There’s a saying (at least I think it’s a saying, which is to say I recently heard someone say it) that you never really explore your own city until you have out-of-town visitors. And I’m not entirely sure how that relates to the question of why I don’t get together with my former (and potentially future) very good friends with whom I share common interests, and who happen to live in the same city as I do, and with whom I can easily communicate on a daily basis via Facebook. But I think it’s probably a lot like that saying about getting to know your city. When something is always there, you don’t bother to take advantage of it because, well, it’s always there. Facebook makes it too easy to reconnect with old friends, at least in a superficial way. And that superficial way is almost more harmful than having no contact, because it makes it way too easy to settle for what it is, instead of investing the small amount of additional effort required to make a deeper connection.

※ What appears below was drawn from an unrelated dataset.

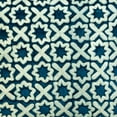 thumbnail image 2 of The HomeCentric Euro Sham, Decorative Blue Pack of 2, 26x26 inch (65x65 cm) Throw Pillows For Couch, Velvet Lattice & Trellis, Boucle Embroidery Cushion Cover, Geometric Art Deco Style Easter - Alston, 2 of 4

So, after all of that, am I really off Facebook?
I’ve given plenty of good (if “good” is measured by verbosity) reasons why I’ve intended to quit Facebook as one of this year’s resolutions, but have I lived up to it?
The short answer, coming from someone not known for short answers (hence this long build-up): sort of. I have taken several concrete steps to significantly reduce my involvement with Facebook. I changed my notification preferences — I had previously set Facebook to never notify me by email about anything, since I was always checking the site anyway — so that if something really important does come my way, I can find out about it without constantly wading through Farmville updates** and alerts about which of my friends are now friends with other people I will never know. I never post status updates directly to Facebook, leaving it to Twitter (with which I also have an ambivalent relationship) and NetworkedBlogs to do my dirty work, although I do occasionally follow up on comments on my posts. Once every couple of days I’ll quickly scan the live feed to see if anyone’s saying or doing anything I’m genuinely interested in, but I limit it to a minute or two. And on special occasions (like when I took my dad to our first ever Vikings game on January 3), I’ll post photos to my profile. But that’s it, and it’s more than enough.
Is my life better with less Facebook in it? Unequivocally, yes. I do feel slightly less connected with my widely dispersed “network” of social acquaintances, but I also have a much more realistic view of how disconnected we really were anyway, despite the fact that I knew what they were eating for lunch.
Final thought
Knowing that this blog entry is going to appear in my Facebook feed, I feel the situation can best be described in the words of Sideshow Bob: “By the way, I am aware of the irony of appearing on television in order to decry it. So don’t bother pointing that out.”
* OK, I don’t think this scenario ever actually happened on Three’s Company. And yet, in a way, didn’t it happen on every single episode?
** Yes, I know you can hide that crap, and I always do with such a vengeance that at one point I almost considered unhiding all of them just so I could have the pleasure of hiding them all again.